BEGIN DATA EXTRACT
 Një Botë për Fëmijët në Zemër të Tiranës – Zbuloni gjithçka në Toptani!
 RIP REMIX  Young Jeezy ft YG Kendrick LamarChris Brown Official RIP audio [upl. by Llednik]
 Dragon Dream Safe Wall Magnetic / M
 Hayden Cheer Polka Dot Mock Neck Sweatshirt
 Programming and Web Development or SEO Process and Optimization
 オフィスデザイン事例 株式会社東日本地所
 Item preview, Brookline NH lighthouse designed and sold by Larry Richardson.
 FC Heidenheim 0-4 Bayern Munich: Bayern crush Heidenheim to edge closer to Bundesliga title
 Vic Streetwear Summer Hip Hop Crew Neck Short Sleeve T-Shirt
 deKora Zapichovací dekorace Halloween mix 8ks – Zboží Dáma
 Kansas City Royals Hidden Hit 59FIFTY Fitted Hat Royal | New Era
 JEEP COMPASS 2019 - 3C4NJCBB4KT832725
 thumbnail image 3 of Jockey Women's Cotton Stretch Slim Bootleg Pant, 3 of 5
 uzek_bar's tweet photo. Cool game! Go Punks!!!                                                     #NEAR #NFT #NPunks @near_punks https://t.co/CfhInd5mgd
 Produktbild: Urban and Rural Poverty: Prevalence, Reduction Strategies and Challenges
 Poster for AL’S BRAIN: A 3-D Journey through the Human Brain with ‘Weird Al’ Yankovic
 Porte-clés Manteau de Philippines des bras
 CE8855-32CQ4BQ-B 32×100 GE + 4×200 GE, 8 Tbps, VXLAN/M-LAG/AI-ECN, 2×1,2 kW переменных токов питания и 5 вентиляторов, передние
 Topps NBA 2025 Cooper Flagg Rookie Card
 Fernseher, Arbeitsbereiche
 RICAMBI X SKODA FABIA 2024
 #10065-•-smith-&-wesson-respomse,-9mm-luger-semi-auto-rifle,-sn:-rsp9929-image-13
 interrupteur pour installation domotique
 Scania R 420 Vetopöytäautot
END DATA EXTRACT
**ACTION ITEM**
Find the lines in the entries above where "image" occurs, and copy each of them.

**YOUR SOLUTION**
 thumbnail image 3 of Jockey Women's Cotton Stretch Slim Bootleg Pant, 3 of 5
 #10065-•-smith-&-wesson-respomse,-9mm-luger-semi-auto-rifle,-sn:-rsp9929-image-13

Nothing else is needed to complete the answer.